Suganuma himself seems to wonder if it’s all worthwhile. Using a horrible ‘Orientalist’ cliché, Suganuma is too inscrutable to completely cut the ground from under his own feet here, and so at times seems to float on a mist of unknowing. In his conclusion he worries about Queer Theory’s faults: its deconstruction of categories without any useful replacement; its highly theoretical methodology; it’s a-historical analysis; its dissociation ‘from the everyday social and political conditions facing LGBT individuals’; its over-emphasis on surfaces rather than interior psychologies. Elsewhere he frets that Queer Theory has loosened too far the boundaries of what it addresses; can it be said to be studying anything concrete at all if everything is ‘queer’? Does the whole discipline of Queer Studies not suffer from overmuch concentration upon post-colonialism, which by battling the ‘Orientalism’ inherent in the Western perspective perpetuates its influence in the guise of the ‘other’ or ‘enemy’. Suganuma is not adamant about it, but I think he thinks so.
One could personally add to his list of Queer Theory downers the perpetual mangling of the language in the ever more elaborate neologisms its writers employ and in their often garbled syntax, which evaporates meaning as it seeks to impress. Suganuma is not entirely innocent here himself. The odd use of ‘interpellated’ or ‘interpellation’ might be excusable, but six times on one page (73)? I looked it up in the Oxford English Dictionary only to become less wise than before.
Do these studies allow Suganuma to answer the questions he poses in his introductory first chapter? I would have to respond only ‘to some degree’, and it would seem that his answer to the question of whether foreign contact has affected Japanese queer culture is similarly ‘to some degree’. He does not, I think, believe that the binary of ‘local’ / ’foreign’ can be said to define Japanese culture. What, then, are his conclusions? Japanese ‘referencing of the West resulted in moments in which the Japanese subject became more conscious about personal identities and images.’ The binary was thus ‘generative and productive.’ This is not a very concrete conclusion, though it is an honest one.
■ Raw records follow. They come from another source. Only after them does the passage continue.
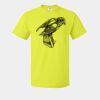 HD Cotton Short Sleeve T-Shirt Thumbnail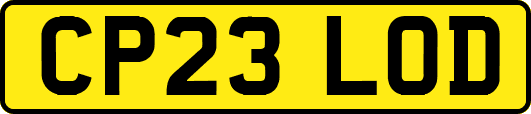 CP23LOD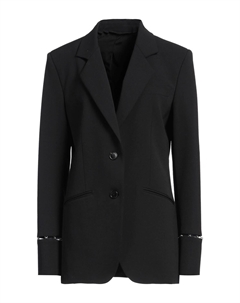 Блейзер, черный Del core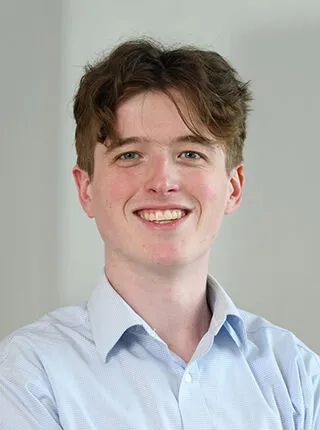 Dylan J. Brown
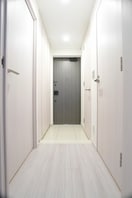 廊下 ディームス大手町ノース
Maybe it is doubtful, he finally muses, if looking at Japanese culture through the prism of ‘the binary’ of its relationship with the West is a good idea at all. Can Japanese queer culture not stand alone? Suganuma seems to think so, but he is not categoric on the point. It is a conclusion, though, that I have found grows more and more compelling from a reading the whole Queer Asia series and it is one I have come personally to support.